A group might want to bend on someone who is weaker on their Documentation And Testing value, but not bend on someone who is weaker on their Honesty value; but maybe they won't bend on Documentation And Testing because they view it as essential and don't want to risk that the FNG won't internalize it.

"But that isn't the cultures I object to," I've heard critics say. Of course not. But sometimes those are the cultural values that folks are trying to conserve. That's why there's no hard and fast rule.

Sometimes the cultural values are dishonesty or bigotry or cronyism, or simply an aversion to being called "bro". But often they're honesty and open-mindedness and fairness. We should not toss out the baby with the bathwater.


I recently interviewed a candidate that seemed solid technically but kept calling me bro. I’m pretty laid back but that was a fail. Note to everyone here: don’t do that.


You are probably not as laid back as you think you are, bro.
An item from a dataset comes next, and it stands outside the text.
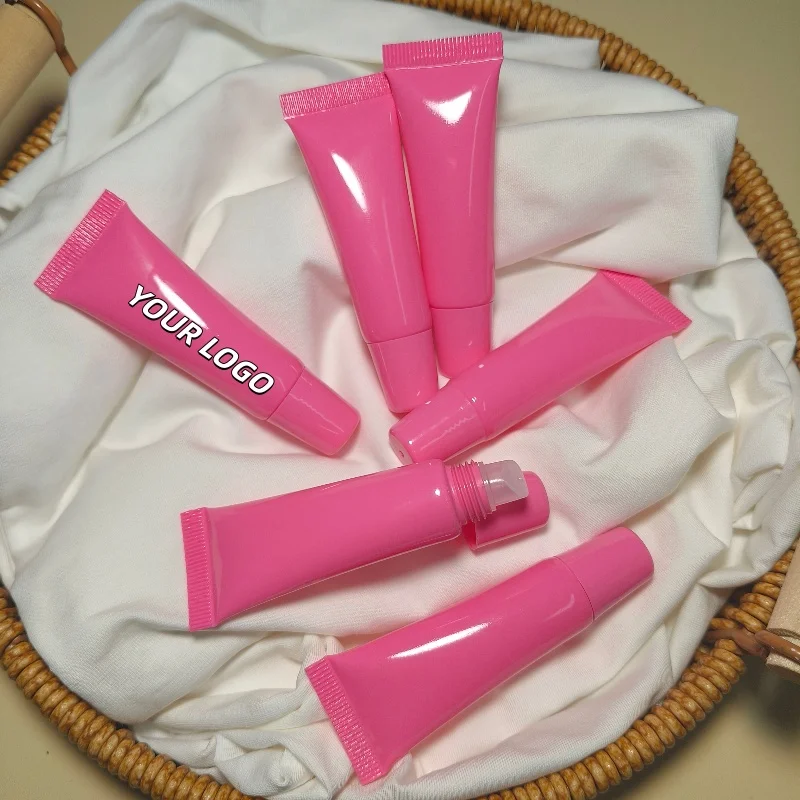 【شعار مخصص】50 قطعة مخصصة 10 مللي غطاء وردي أنبوب الشفاه الوردي يمكن شغلها بأنابيب فارغة مصنع تخصيص دفعة صغيرة #5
Maybe you’re right, bro. I guess I can live with that, bro.


Bruh.

Counter note: I've done 100s of interviews. A bro, bruh, or brah wouldn't even register as something notable to me. This is just how my younger coworkers talk.

Their use of "bet" has taken some getting used to.


I haven't had that happen, but it would be refreshing. I would be really weirded out by a "sir" though. casual environments where people can just work and not worry about wearing a persona are nice.


I think the use of "sir" depends on the person's background culture. If you're from the US, it's probably too formal unless you're in the military or something, but other cultures place a higher value on respect for authority. I've had people not originally from the US call me "sir", and while I make sure they know they don't have to, I also don't worry about it.


I would also be weirded out by sir. I say dude a lot but I wouldn’t throw that out like a nervous tic in an interview—it’s a little too familiar and doesn’t exactly reflect situational awareness.


Chillax, bro.


I recently interviewed at a place where the interviewers kept calling me bro or dude, so maybe they'll match with each other at some point.

Without wanting to get into a discussion of the gender-neutrality of those words, I'm not a man and everyone that I talked with there was, and it just felt odd.


The same sort of problem exists across generations. I've had a few meetings with potential clients for our business who were quite young (sometimes literally but certainly culturally) and it felt like they were speaking a different language. When that language sounds like sound bites they probably heard on TikTok last night and yet somehow conveys no useful information whatsoever it's usually a good sign not to pursue that deal any further! You don't have to be all stuffy and formal but professional presentation and effective communication are valuable skills. I can only imagine what they must sound like when they're interviewing potential employees for their own business.


I call everyone dude regardless of gender. #genderequality


> Note to everyone here: don’t do that.

Note to everyone here: Not everyone is as uptight as this guy and you shouldn't be either.


No cap, fr fr.


It depends what company culture actually is. I have worked at companies where documentation has been frowned upon – I'm not exaggerating either. That is something I most definitely will try and subvert.